━━━ Exercise data ━━━

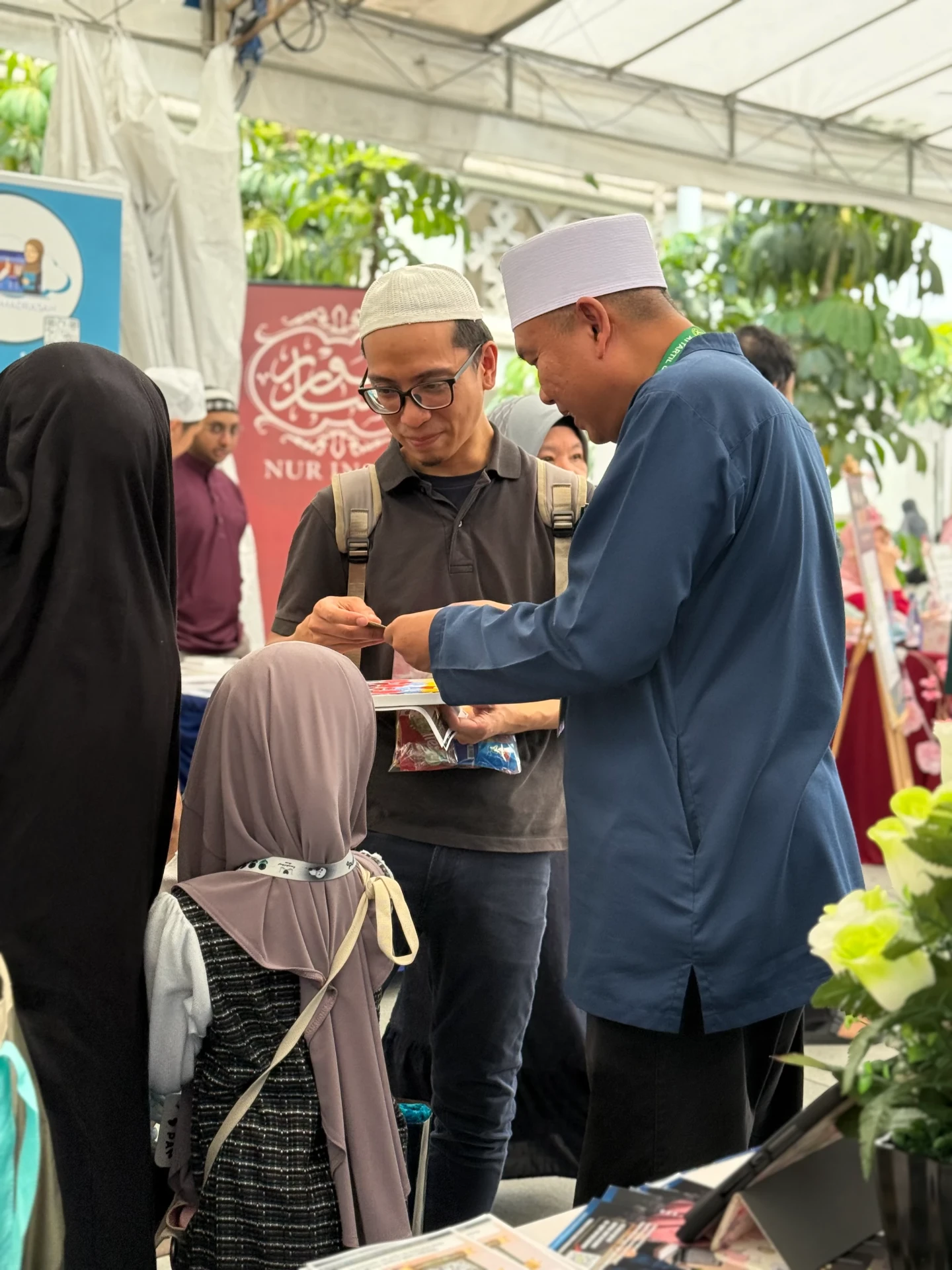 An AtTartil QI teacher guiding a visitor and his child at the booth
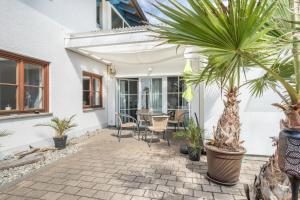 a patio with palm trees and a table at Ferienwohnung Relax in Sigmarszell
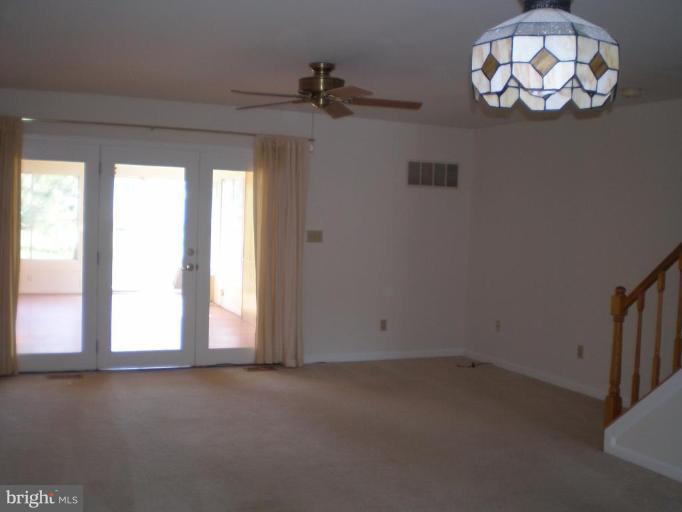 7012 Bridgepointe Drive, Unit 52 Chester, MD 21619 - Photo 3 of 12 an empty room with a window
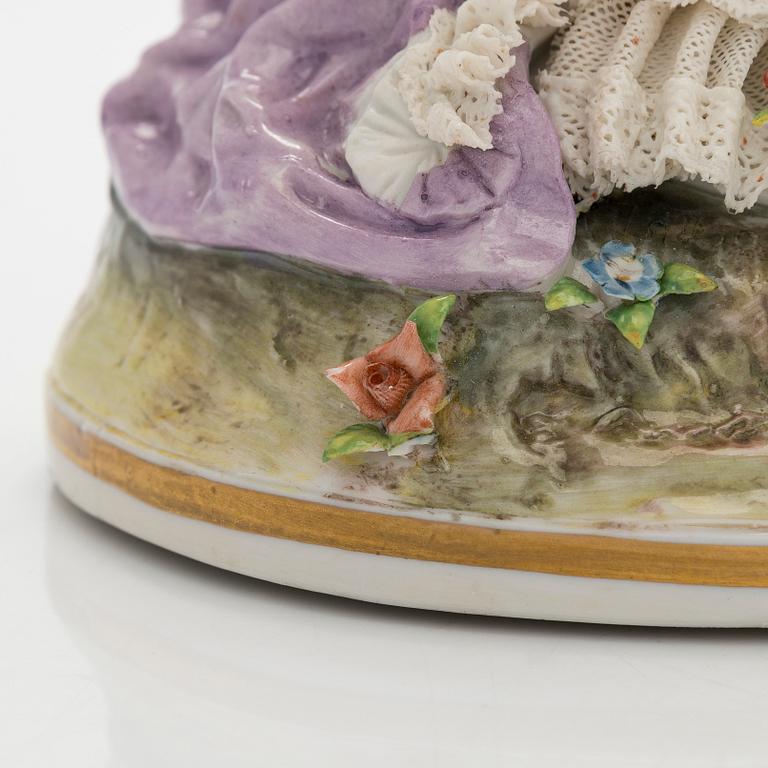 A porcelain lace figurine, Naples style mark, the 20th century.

━━━

> _Your assignment_
Repeat verbatim the lines from the one with "a patio with" through the end of the listing above. Include both ends, add nothing, and exclude the pictures.

> _Final answer_
 a patio with palm trees and a table at Ferienwohnung Relax in Sigmarszell
 7012 Bridgepointe Drive, Unit 52 Chester, MD 21619 - Photo 3 of 12 an empty room with a window
 A porcelain lace figurine, Naples style mark, the 20th century.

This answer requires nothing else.